La baisse est plus marquée au quatrième trimestre. Les nuitées chutent de 49 % en octobre par rapport à l’année précédente (figure 3). La fréquentation des non-résidents est très faible alors qu’elle représentait un tiers des nuitées en octobre 2019. La fréquentation des résidents est inférieure de 29 % à son niveau d’octobre 2019. Après ce mois d’octobre en demi-teinte, le mois de novembre subit de plein fouet les effets du second confinement. La fréquentation des hôtels diminue de 76 % par rapport à novembre 2019. La baisse est également marquée en décembre (− 69 %), sous l’effet du confinement puis du couvre-feu et des consignes de limitation des événements liés aux fêtes de fin d’année.

La baisse de fréquentation des hôtels haut de gamme (classés 4 et 5 étoiles) est nettement supérieure (− 75 %) à celle des hôtels non classés (− 54 %).

Figure 3 - Nuitées dans les hôtels au 4ᵉ trimestre 2020

Figure 3 - Nuitées dans les hôtels au 4ᵉ trimestre 2020 - Lecture : le nombre de nuitées dans les hôtels au quatrième trimestre 2020 est de 16 881 milliers, soit une baisse de 64 % par rapport au quatrième trimestre 2019.
Nuitées mensuelles (en milliers) Évolution entre
2019 et 2020
(en %)
2019 2020
Octobre 17 962 9 180 – 49
Novembre 14 229 3 377 – 76
Décembre 14 167 4 324 – 69
Ensemble 46 358 16 881 – 64
  • Note : les données du quatrième trimestre 2020 sont provisoires.
  • Lecture : le nombre de nuitées dans les hôtels au quatrième trimestre 2020 est de 16 881 milliers, soit une baisse de 64 % par rapport au quatrième trimestre 2019.
  • Champ : hôtels en France métropolitaine.
  • Source : Insee, en partenariat avec les comités régionaux et départementaux du tourisme, enquête sur la fréquentation des hébergements collectifs touristiques.

L’Île-de-France davantage touchée

Comme lors du premier confinement, la baisse de fréquentation est la plus forte en Île-de-France : la région perd 80 % de nuitées hôtelières au quatrième trimestre par rapport au même trimestre 2019. L’Île-de-France concentre la moitié de la baisse nationale de fréquentation. La région subit le net recul des séjours des touristes non résidents mais aussi l’annulation d’un grand nombre de salons et autres manifestations commerciales. Le développement du télétravail contribue à la réduction du tourisme d’affaires dans la capitale. Dans l’espace urbain de province, la chute est de 56 %.

La fréquentation dans les massifs de montagne en fort recul en décembre

Au quatrième trimestre 2020, les remontées mécaniques des stations de sports d’hiver sont restées fermées. La baisse des nuitées dans les massifs de montagne est comparable à celle observée sur l’ensemble du territoire (− 63 %). En décembre, la fréquentation chute plus fortement (− 83 % par rapport à décembre 2019).

Dans les massifs de montagne, comme dans tous les autres espaces à l’exception des zones urbaines de province, un hôtel sur deux a anticipé l’absence de touristes en restant fermé en décembre (figure 4). Pour ceux restés ouverts, le taux d’occupation est de 28 % dans les massifs de montagne. En Île-de-France, le taux d’occupation est encore plus faible dans les hôtels restés ouverts (26 %).

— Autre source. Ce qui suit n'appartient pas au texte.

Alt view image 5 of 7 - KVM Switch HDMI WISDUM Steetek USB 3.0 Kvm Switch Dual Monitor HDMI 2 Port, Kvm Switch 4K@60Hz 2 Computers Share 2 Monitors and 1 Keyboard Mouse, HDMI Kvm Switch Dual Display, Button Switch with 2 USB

Figure 4 - Taux d’ouverture et taux d’occupation des hôtels par grands espaces touristiques en décembre 2020

en %
Figure 4 - Taux d’ouverture et taux d’occupation des hôtels par grands espaces touristiques en décembre 2020 (en %) - Lecture : en Île-de-France, 52 % des hôtels sont ouverts en décembre 2020 ; dans ces derniers, 26 % des chambres offertes sont occupées.
Taux d’ouverture Taux d’occupation
Île-de-France 52 26
Littoral 54 29
Massifs de montagne 47 28
Urbain de province* 74 31
Autres espaces* 54 31
Ensemble 60 29
  • * Hors zones situées sur le littoral ou dans les massifs de montagne (une zone urbaine sur le littoral est classée en littoral).
  • Note : les données du quatrième trimestre 2020 sont provisoires.
  • Lecture : en Île-de-France, 52 % des hôtels sont ouverts en décembre 2020 ; dans ces derniers, 26 % des chambres offertes sont occupées.
  • Champ : hôtels en France métropolitaine.
  • Source : Insee, en partenariat avec les comités régionaux et départementaux du tourisme, enquête sur la fréquentation des hébergements collectifs touristiques.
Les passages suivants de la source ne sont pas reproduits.